* [YOUR ASSIGNMENT] Your task is to print, exactly and only, the lines from the start of the entries below through the line with "The Essential Postpartum Bath Soak - Image 3". Include both ends, but skip the pictures.

[Short text fragments from websites]
----------
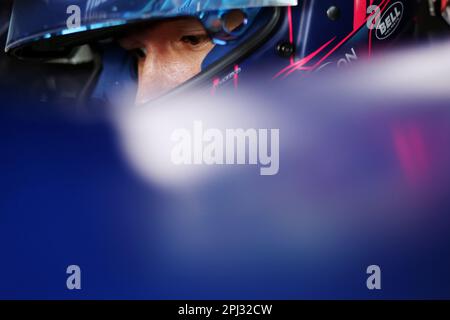 Melbourne, Australien. 31. März 2023. Alexander Albon (THA) Williams Racing FW45. 31.03.2023. Formel-1-Weltmeisterschaft, Rd 3, Australian Grand Prix, Albert Park, Melbourne, Australien, Übungstag. Das Foto sollte wie folgt lauten: XPB/ . Kredit: XPB Images Ltd/Alamy Live News Stockfoto
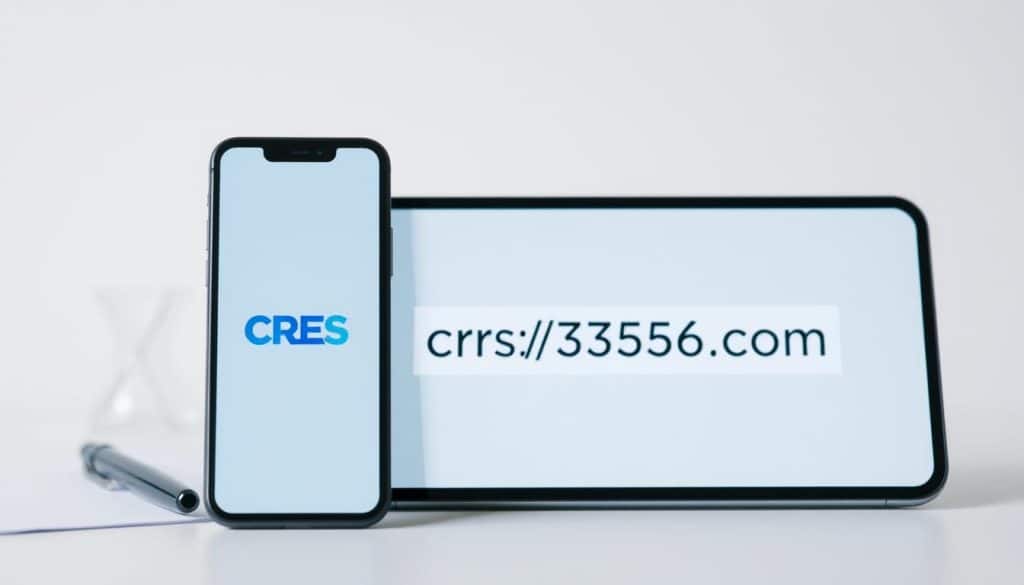 A professional email address showcased against a clean, minimalist background. The foreground features a digital device, such as a smartphone or laptop, displaying the CRES logo and a neatly formatted email address. The middle ground includes office supplies, like a pen and paper, to convey a sense of productivity and professionalism. The background is a soft, neutral tone, creating a calm and focused atmosphere. The lighting is natural and soft, highlighting the clarity and simplicity of the design. The overall composition conveys the importance of a professional email address for businesses, emphasizing its role in creating a cohesive and credible brand identity. A professional email address showcased against a clean, minimalist background. The foreground features a digital device, such as a smartphone or laptop, displaying the CRES logo and a neatly formatted email address. The middle ground includes office supplies, like a pen and paper, to convey a sense of productivity and professionalism. The background is a soft, neutral tone, creating a calm and focused atmosphere. The lighting is natural and soft, highlighting the clarity and simplicity of the design. The overall composition conveys the importance of a professional email address for businesses, emphasizing its role in creating a cohesive and credible brand identity.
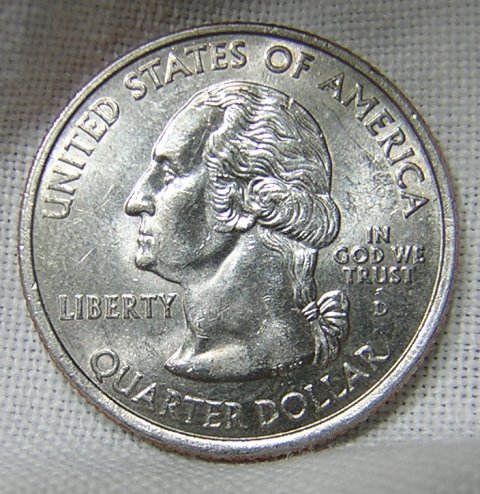 Arizona-State-Quarter-Buffed-Reverse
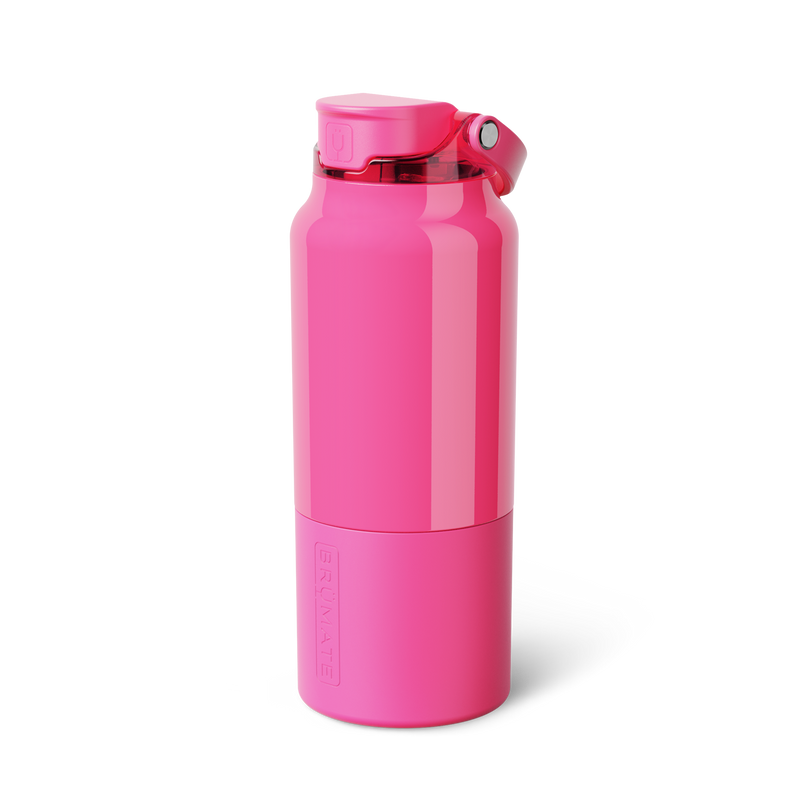Rise 35oz | Neon Pink - Patio Commute
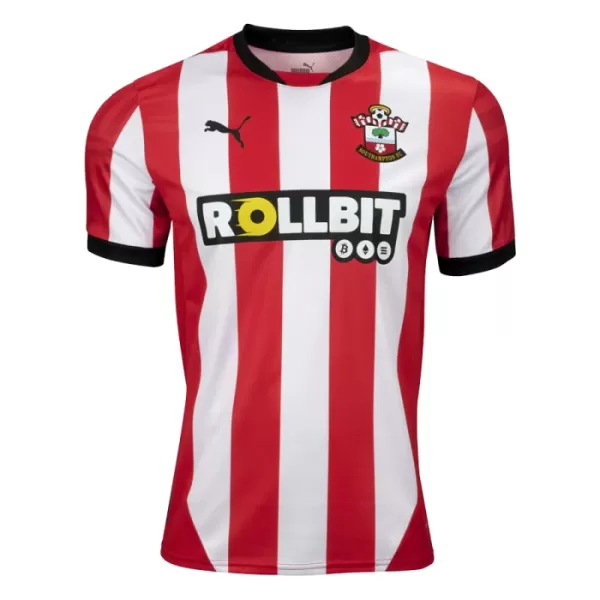 Camiseta Southampton Niños 1ª Equipación 24/25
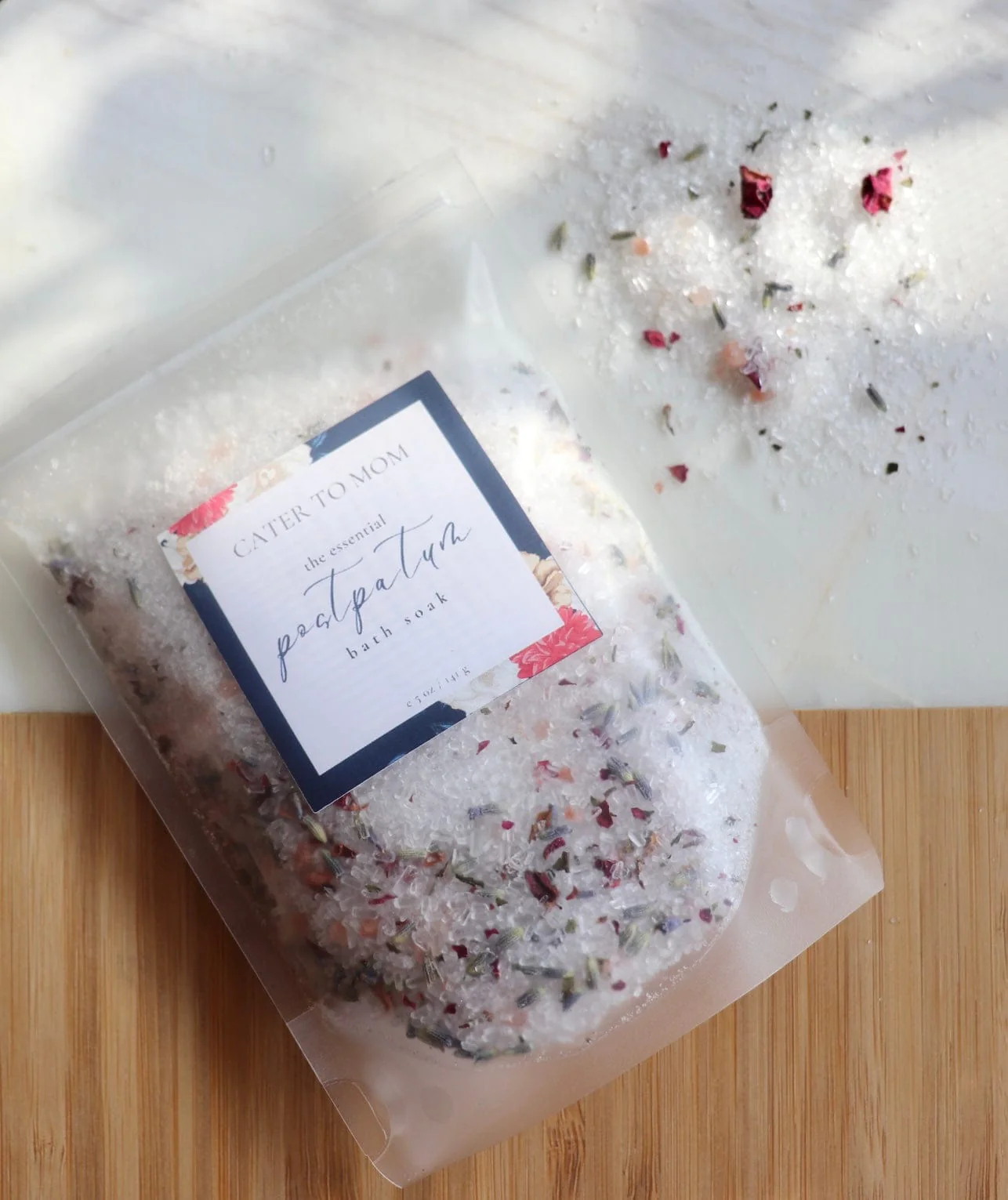 The Essential Postpartum Bath Soak - Image 3
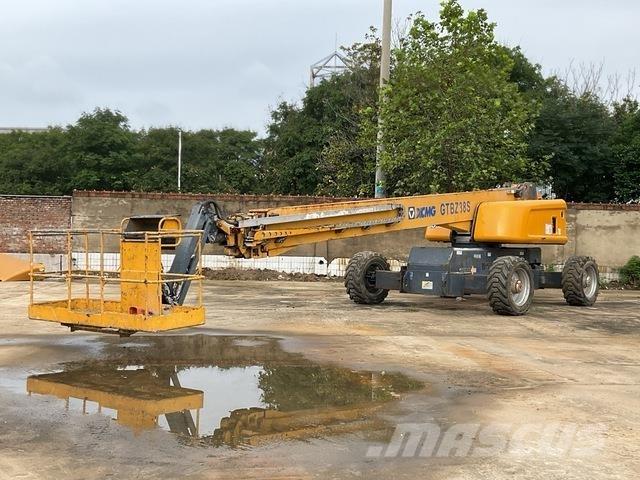 XCMG GTBZ38S Teleskop bomlifter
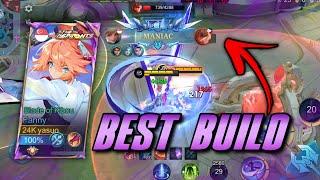 INSANE DAMAGE!! SOLO TOWER DIVE MANIAC!! | FULL GAMEPLAY | MLBB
----------
* [YOUR RESPONSE]
 Melbourne, Australien. 31. März 2023. Alexander Albon (THA) Williams Racing FW45. 31.03.2023. Formel-1-Weltmeisterschaft, Rd 3, Australian Grand Prix, Albert Park, Melbourne, Australien, Übungstag. Das Foto sollte wie folgt lauten: XPB/ . Kredit: XPB Images Ltd/Alamy Live News Stockfoto
 A professional email address showcased against a clean, minimalist background. The foreground features a digital device, such as a smartphone or laptop, displaying the CRES logo and a neatly formatted email address. The middle ground includes office supplies, like a pen and paper, to convey a sense of productivity and professionalism. The background is a soft, neutral tone, creating a calm and focused atmosphere. The lighting is natural and soft, highlighting the clarity and simplicity of the design. The overall composition conveys the importance of a professional email address for businesses, emphasizing its role in creating a cohesive and credible brand identity. A professional email address showcased against a clean, minimalist background. The foreground features a digital device, such as a smartphone or laptop, displaying the CRES logo and a neatly formatted email address. The middle ground includes office supplies, like a pen and paper, to convey a sense of productivity and professionalism. The background is a soft, neutral tone, creating a calm and focused atmosphere. The lighting is natural and soft, highlighting the clarity and simplicity of the design. The overall composition conveys the importance of a professional email address for businesses, emphasizing its role in creating a cohesive and credible brand identity.
 Arizona-State-Quarter-Buffed-Reverse
Rise 35oz | Neon Pink - Patio Commute
 Camiseta Southampton Niños 1ª Equipación 24/25
 The Essential Postpartum Bath Soak - Image 3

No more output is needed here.